## TASK DIRECTIONS
Apart from the pictures, which must be omitted, restate the data exactly.

----- RECORDED INFORMATION -----

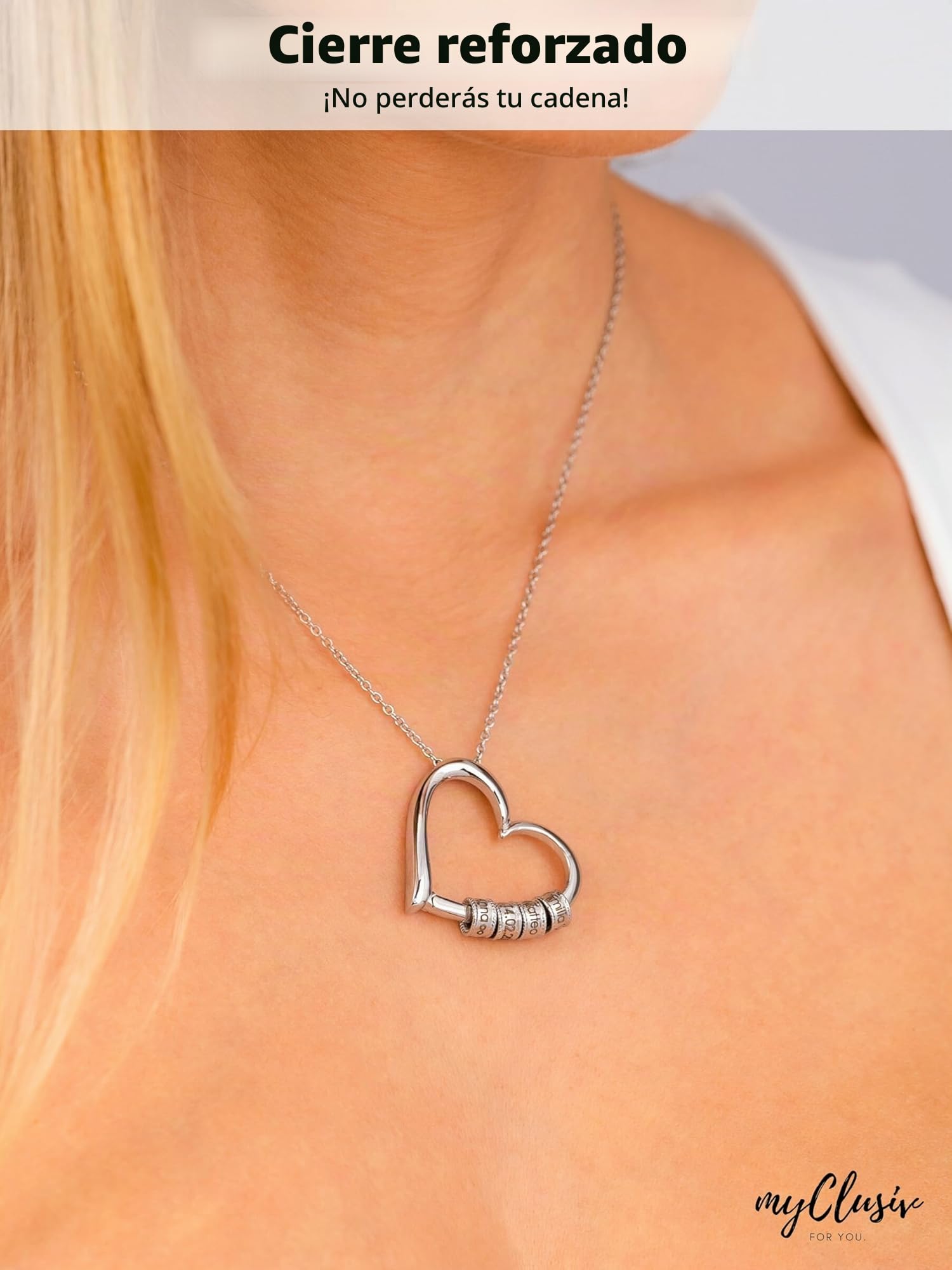Collar corazón personalizado con cuentas grabadas - Regalo para mujer - Regalo joya personalizada para mamá - Collar de acero inoxidable para mujer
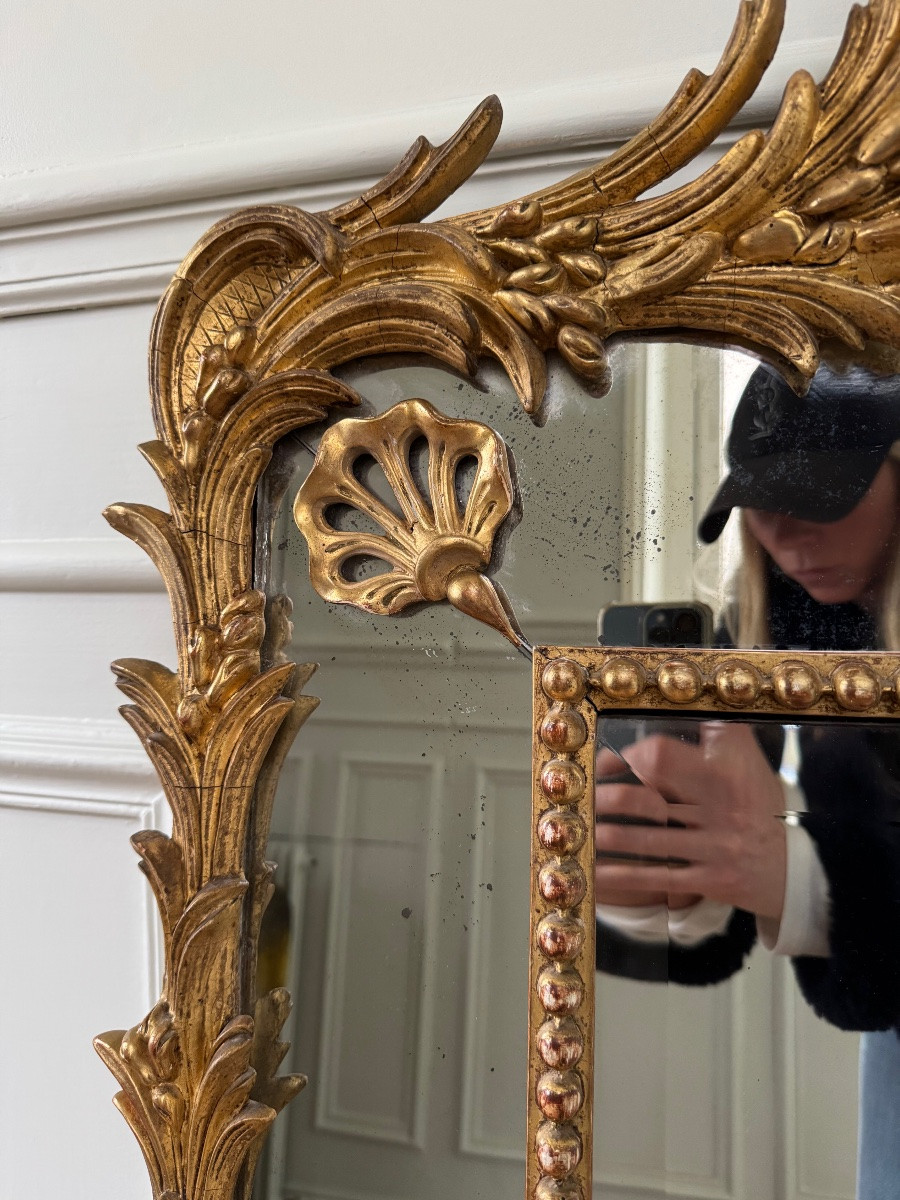 Napoleon III Period Giltwood Mirror With Side Panels - 19th Century-photo-1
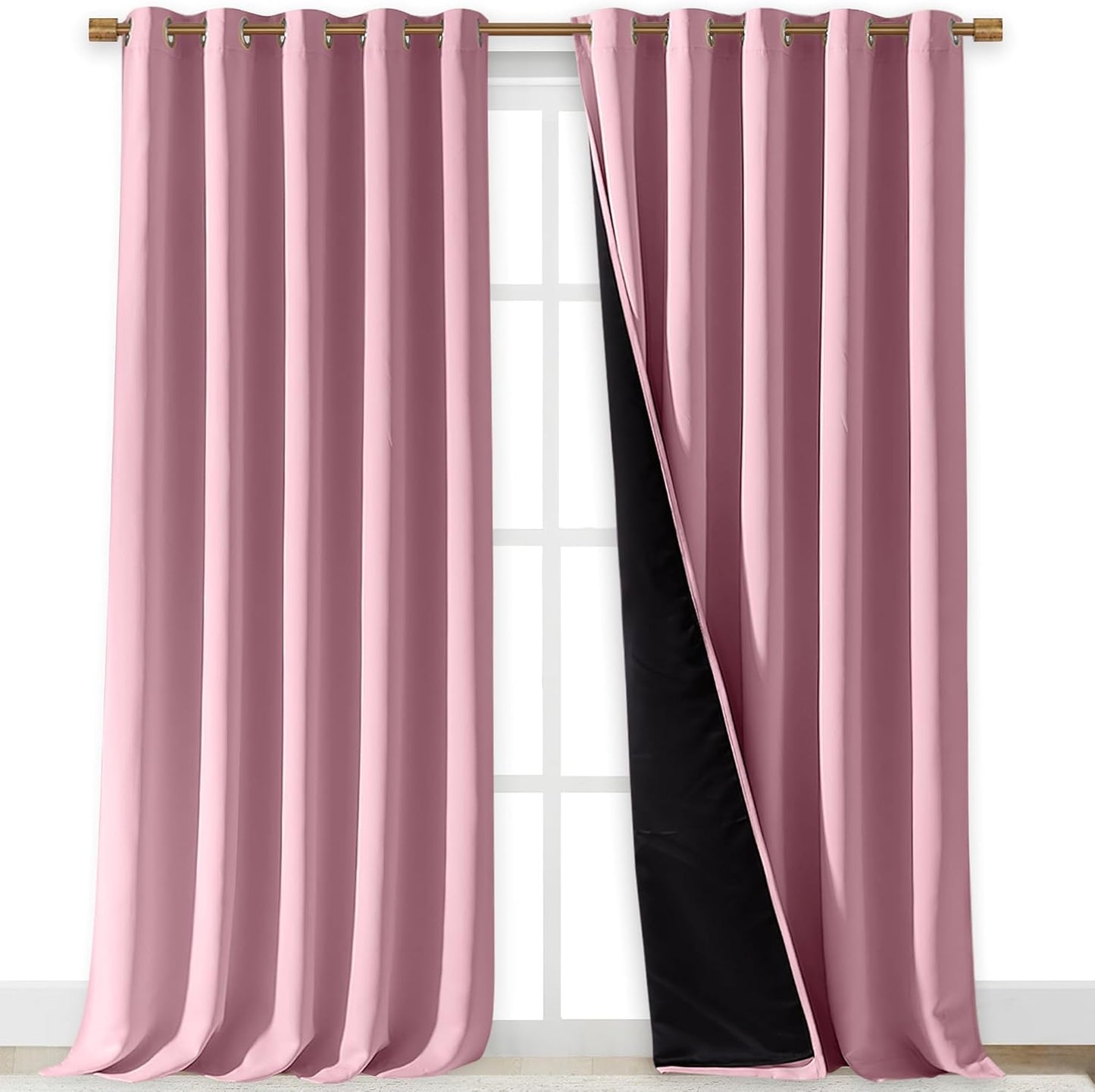 NICETOWN 100% Blackout Blinds, Laundry Room Decor Window Treatment Curtains for Large Patio Sliding Door, Thermal Insulated Crystal Pink Curtains for Bedroom, Set of 2, 70 inches x 108 inches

-----

## RESPONSE TO THIS TASK
Collar corazón personalizado con cuentas grabadas - Regalo para mujer - Regalo joya personalizada para mamá - Collar de acero inoxidable para mujer
 Napoleon III Period Giltwood Mirror With Side Panels - 19th Century-photo-1
 NICETOWN 100% Blackout Blinds, Laundry Room Decor Window Treatment Curtains for Large Patio Sliding Door, Thermal Insulated Crystal Pink Curtains for Bedroom, Set of 2, 70 inches x 108 inches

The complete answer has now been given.